• DATASET CONTENT:
-- Opening Marker --
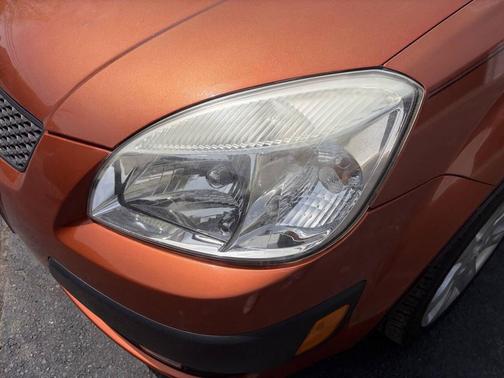 Sunset Orange 2009 Kia Rio SX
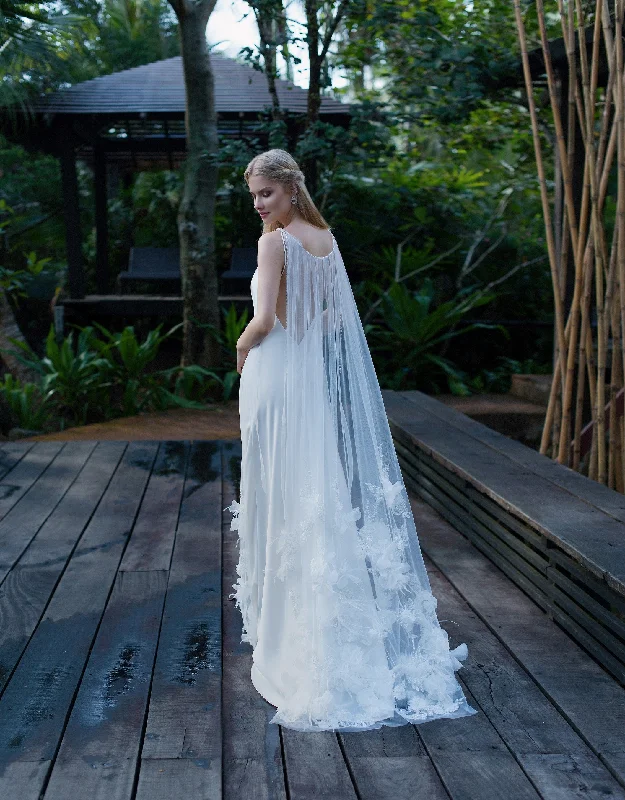 Long - sleeved lace wedding dresses for a modest styleStrapless Wedding Dress with Tulle Cape Long - sleeved lace wedding dresses for a modest styleStrapless Wedding Dress with Tulle Cape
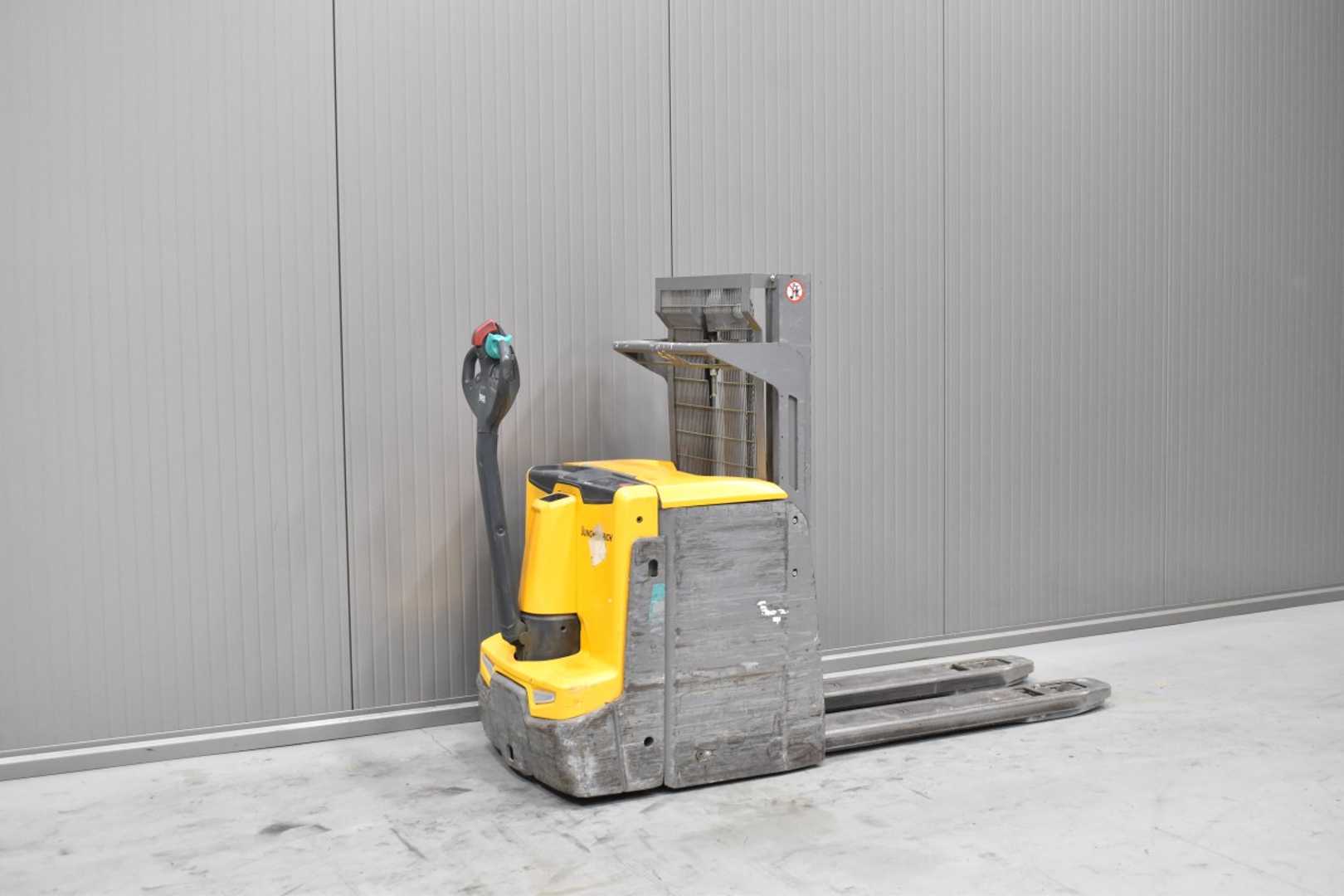 Used Forklift Jungheinrich EJD 222 /58963/ Aukšto kėlimo krautuvas (> 6 m) (Image 4) Used Forklift Jungheinrich EJD 222 /58963/ Aukšto kėlimo krautuvas (> 6 m) (Image 4)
-- Closing Marker --
• WHAT YOU NEED TO DO: The response must repeat all the lines above exactly and include no pictures.

• EXERCISE SOLUTION:
 Sunset Orange 2009 Kia Rio SX
 Long - sleeved lace wedding dresses for a modest styleStrapless Wedding Dress with Tulle Cape Long - sleeved lace wedding dresses for a modest styleStrapless Wedding Dress with Tulle Cape
 Used Forklift Jungheinrich EJD 222 /58963/ Aukšto kėlimo krautuvas (> 6 m) (Image 4) Used Forklift Jungheinrich EJD 222 /58963/ Aukšto kėlimo krautuvas (> 6 m) (Image 4)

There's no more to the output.